[Stored data entries]
════════════════════

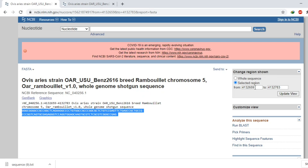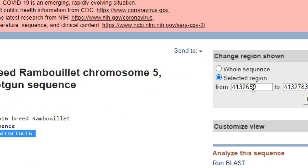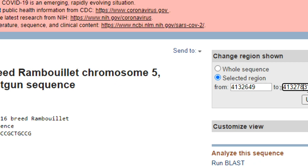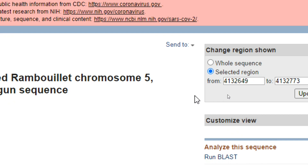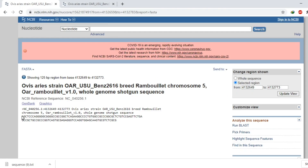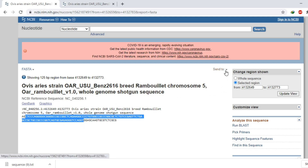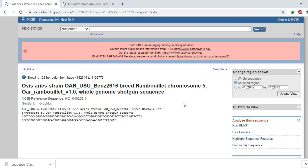Let's say we want 10 base pairs before and after this exonic region. The exon starts at 659, so we will change it to 649, and from 783 we will change it to 773, then click 'Update View'. Our base pairs are now increased — we have 10 upstream and 10 downstream base pairs flanking the exonic region. You can simply copy this or download it by clicking 'Send to'.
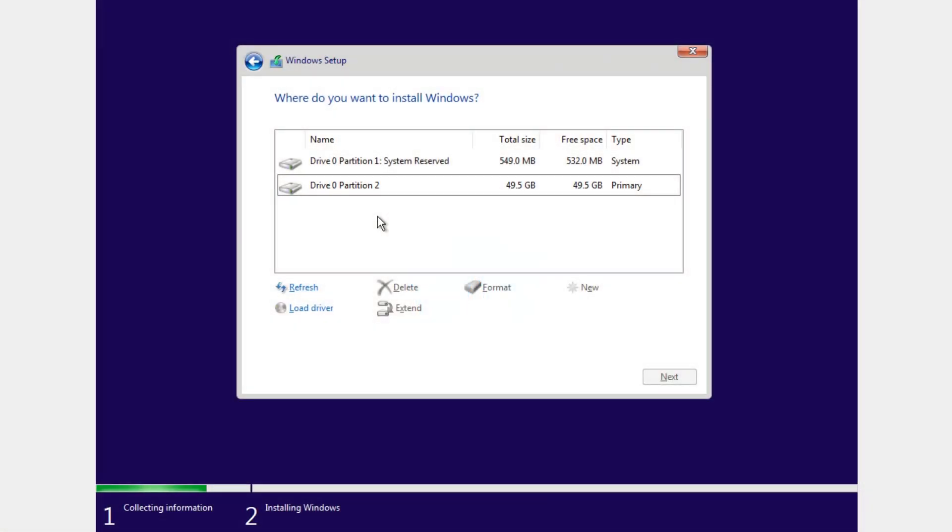This error comes up when you're trying to install Windows 10 or Windows 7 on a particular partition. You'll get this error and this is very annoying because you're not able to install Windows.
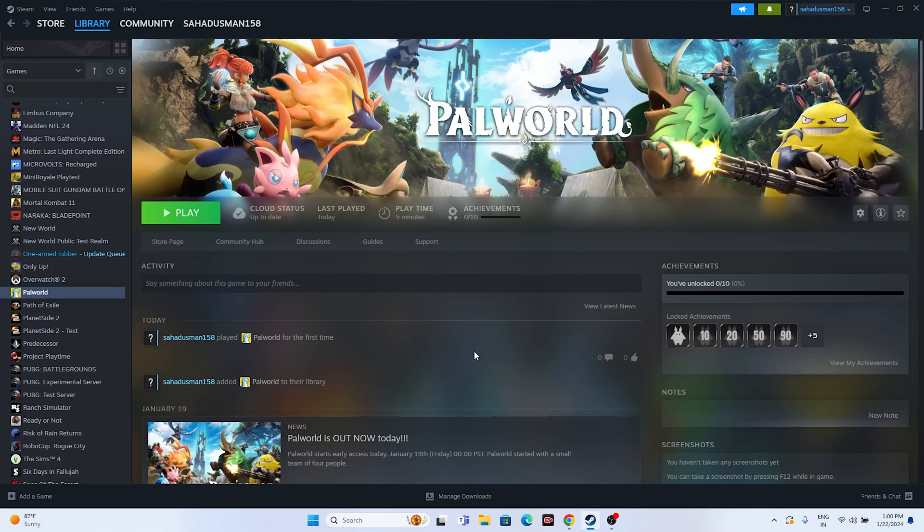Hello guys, welcome back to Droid Tips. In this video we're going to talk about how to fix Palworld having crashing issues — it is not launching or won't launch, freezing, stuttering, lagging, low FPS drop, or stuck on loading screen — which is happening for many users right now. Let's dive into the workarounds.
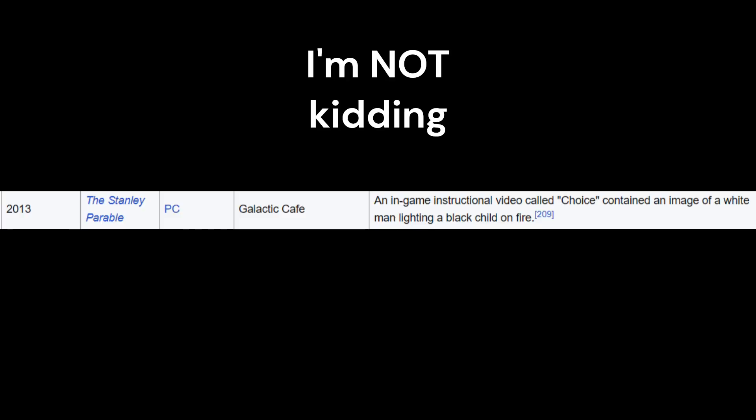Oh my god, in The Stanley Parable there was controversy. I should not be laughing, this is terrible. An in-game instructional video called Choice contained an image of a white man lighting a black child on fire. Oh my god, Stanley, Stanley, what? What are you, Stanley? No, Stanley, what are you doing? Oh my god. No, that is bad.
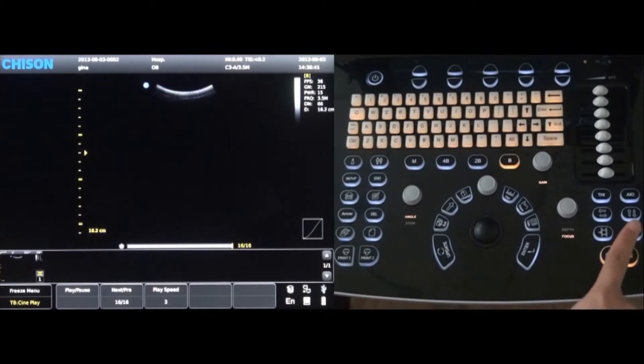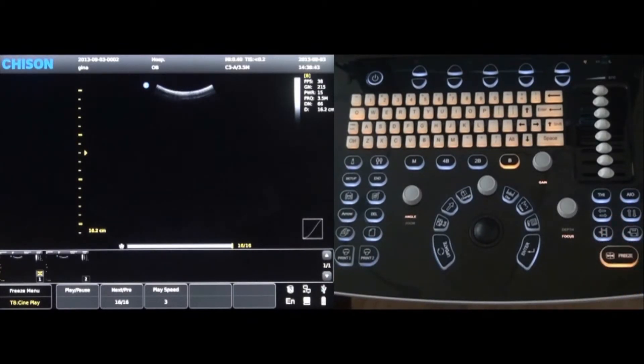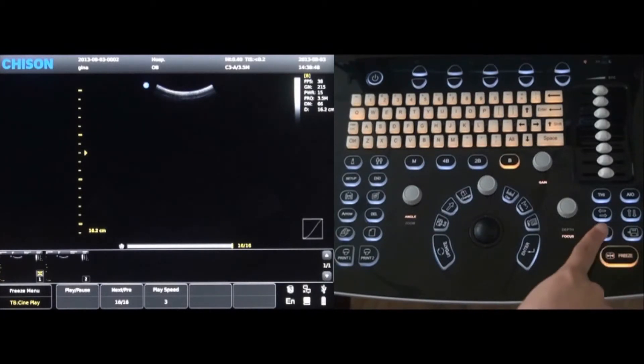To save an image quickly, press the save key. To save a cine loop, press the cine loop key next to the save key.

════════════════════

■ Problem statement: Please return the records above exactly as written, dropping every picture.

■ Solution to this exercise:
Let's say we want 10 base pairs before and after this exonic region. The exon starts at 659, so we will change it to 649, and from 783 we will change it to 773, then click 'Update View'. Our base pairs are now increased — we have 10 upstream and 10 downstream base pairs flanking the exonic region. You can simply copy this or download it by clicking 'Send to'.
This error comes up when you're trying to install Windows 10 or Windows 7 on a particular partition. You'll get this error and this is very annoying because you're not able to install Windows.
Hello guys, welcome back to Droid Tips. In this video we're going to talk about how to fix Palworld having crashing issues — it is not launching or won't launch, freezing, stuttering, lagging, low FPS drop, or stuck on loading screen — which is happening for many users right now. Let's dive into the workarounds.
Oh my god, in The Stanley Parable there was controversy. I should not be laughing, this is terrible. An in-game instructional video called Choice contained an image of a white man lighting a black child on fire. Oh my god, Stanley, Stanley, what? What are you, Stanley? No, Stanley, what are you doing? Oh my god. No, that is bad.
To save an image quickly, press the save key. To save a cine loop, press the cine loop key next to the save key.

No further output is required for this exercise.